Wild Strawberries won the Golden Bear for Best Film at the 8th Berlin International Film Festival and the Golden Globe Award for Best Foreign Language Film. The film influenced Woody Allen’s Another Woman and Satyajit Ray’s Nayak, among several others.

2 The Seventh Seal

The Seventh Seal is an iconic 1957 historical fantasy that depicts the quest for answers about life and death through a game of chess played between the Grim Reaper (Bengt Ekerot) and a disillusioned knight (the always brilliant Max von Sydow) during the Black Plague. “The film is about the fear of death. And it freed me from my own fear of death,” Ingmar Bergman wrote. The Seventh Seal is visual poetry, a timeless meditation on essential philosophical and human issues, and a masterpiece of cinema with great international impact.

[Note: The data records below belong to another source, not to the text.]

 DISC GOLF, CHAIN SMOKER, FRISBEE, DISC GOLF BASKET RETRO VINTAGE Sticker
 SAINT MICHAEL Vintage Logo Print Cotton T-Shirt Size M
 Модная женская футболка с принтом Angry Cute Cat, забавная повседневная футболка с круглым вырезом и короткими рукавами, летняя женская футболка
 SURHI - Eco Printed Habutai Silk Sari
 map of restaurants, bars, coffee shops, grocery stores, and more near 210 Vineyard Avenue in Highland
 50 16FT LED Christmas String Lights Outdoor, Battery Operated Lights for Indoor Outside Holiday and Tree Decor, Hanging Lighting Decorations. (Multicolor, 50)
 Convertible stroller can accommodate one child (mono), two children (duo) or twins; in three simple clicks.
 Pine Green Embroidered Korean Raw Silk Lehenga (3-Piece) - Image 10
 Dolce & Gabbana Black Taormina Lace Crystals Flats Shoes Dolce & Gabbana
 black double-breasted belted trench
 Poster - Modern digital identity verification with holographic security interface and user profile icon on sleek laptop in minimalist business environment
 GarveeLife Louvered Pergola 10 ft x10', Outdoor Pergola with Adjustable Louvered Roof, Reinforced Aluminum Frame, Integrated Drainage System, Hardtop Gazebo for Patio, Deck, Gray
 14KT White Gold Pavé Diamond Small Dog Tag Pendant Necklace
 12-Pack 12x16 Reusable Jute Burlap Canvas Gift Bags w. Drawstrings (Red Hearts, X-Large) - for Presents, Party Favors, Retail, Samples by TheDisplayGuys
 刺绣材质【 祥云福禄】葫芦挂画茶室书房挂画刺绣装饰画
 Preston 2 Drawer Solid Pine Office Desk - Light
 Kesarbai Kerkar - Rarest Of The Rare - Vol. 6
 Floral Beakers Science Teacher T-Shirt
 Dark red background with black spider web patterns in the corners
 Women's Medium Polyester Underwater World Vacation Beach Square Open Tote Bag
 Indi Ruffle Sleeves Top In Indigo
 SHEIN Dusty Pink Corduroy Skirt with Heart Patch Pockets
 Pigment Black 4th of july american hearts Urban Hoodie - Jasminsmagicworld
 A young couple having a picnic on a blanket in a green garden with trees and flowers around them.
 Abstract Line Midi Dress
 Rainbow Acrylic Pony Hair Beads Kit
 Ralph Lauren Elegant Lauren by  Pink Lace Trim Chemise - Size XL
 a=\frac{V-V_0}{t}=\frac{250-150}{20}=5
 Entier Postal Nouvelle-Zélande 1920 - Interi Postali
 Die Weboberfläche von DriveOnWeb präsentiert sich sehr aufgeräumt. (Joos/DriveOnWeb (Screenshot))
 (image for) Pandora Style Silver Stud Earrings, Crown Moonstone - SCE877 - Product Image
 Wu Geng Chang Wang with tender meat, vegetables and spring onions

For The Seventh Seal, Ingmar Bergman won the Special Jury Prize at the 1957 Cannes Film Festival. After this film, the director established himself as the world-class auteur of arthouse cinema. Like all such iconic movies, The Seventh Seal has been parodied by everyone from Monty Python to Bill & Ted’s Bogus Journey.

1 Persona

Regarded as one of the greatest movies ever made (and an experimental film everyone should see), the 1966 Swedish psychological drama Persona centers on well-known actress Elisabet (Liv Ullmann), who suddenly stopped speaking in the middle of a performance, and nurse Alma (Bibi Andersson), who was assigned to care for Elisabet. While isolated together, two women explore their personal identities and undergo emotional transference. It is a sensually brilliant, dreamlike, and deep study of the nature of human beings. Persona has often been described as a watershed in the director’s career, a new level of his mastery. Ingmar Bergman wrote, “I feel that in Persona – and later in Cries and Whispers – I had gone as far as I could go. And that in these two instance, when working in total freedom, I touched wordless secrets that only the cinema can discover.”

David Lynch’s Mulholland Drive, Woody Allen’s Stardust Memories, Robert Altman’s Women, and many other films were inspired by Bergman’s identity-merging masterpiece. While practically ever Ingmar Bergman film after 1955 is a must-see, Persona stands as one of the greatest examples of cinema.